On January 9, 1996, at 0914 hours Pacific standard time, a Partenavia, AF68TP Spartacus, N3116C, was destroyed after an uncontrolled descent into the Pacific ocean about 14 miles west-southwest of El Segundo, California. The pilot was presumed to have been fatally injured. According to a company search pilot, visual meteorological conditions prevailed at the accident area about 1.5 hours after the time of the accident. No flight plan was filed for the positioning flight which originated at Oxnard, California, on the morning of the accident for a flight to San Diego, California.

The aircraft departed Oxnard on a special VFR clearance. The tops of the clouds were reported to be about 1,200 feet msl. The aircraft transitioned southbound through the NAWS Point Mugu airspace. The Point Mugu radar approach control monitored the aircraft on radar for about 25 miles. The pilot was subsequently given a frequency change to SOCAL Tracon. There was no contact made with that facility. A search was initiated when the aircraft failed to arrive at the intended destination. A review of the recorded radar data revealed the aircraft was level at 1,800 feet msl and then climbed to about 2,000 feet msl, at which time it disappeared from radar.


According to the operator, the ATP rated pilot had accumulated 8,963 total flight hours with over 1,000 hours in the airplane make and model.

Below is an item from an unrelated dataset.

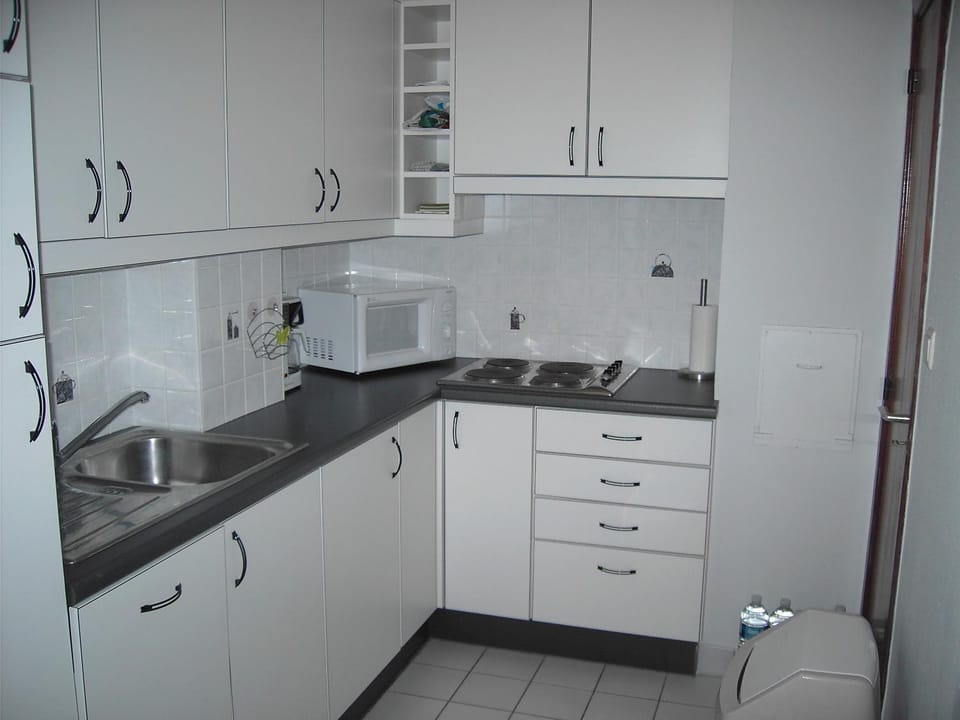 Residentie Sunshine Apartment in Middelkerke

He had flown 32 hours in the past 30 days. On November 29,1995, he had successfully passed a first-class flight physical with no limitations.


The airplane had accumulated 4,540 total flight hours. The last annual inspection was conducted 25 hours prior to the accident on December 19, 1995.

The aircraft was equipped with a King KFC-150, autopilot system.


The Los Angeles International Airport (LAX) scheduled weather observation at 0950 hours reported 500 feet scattered, 25,000 feet scattered, visibility 1.5 miles with fog and haze, temperature and dew point 57 degrees Fahrenheit, wind 120 degrees at 3 knots, and the altimeter was 30.17 inHg of mercury.


The wreckage was not located. According to the U. S. Coast Guard (USCG), the water depth at the accident area was estimated to be between 2,700 and 3,000 feet deep.

The identification of the aircraft was made from personal baggage and items belonging to the pilot, as well as components and paperwork from the aircraft that were found floating and retrieved by the USCG, and the Los Angeles County Harbor Master.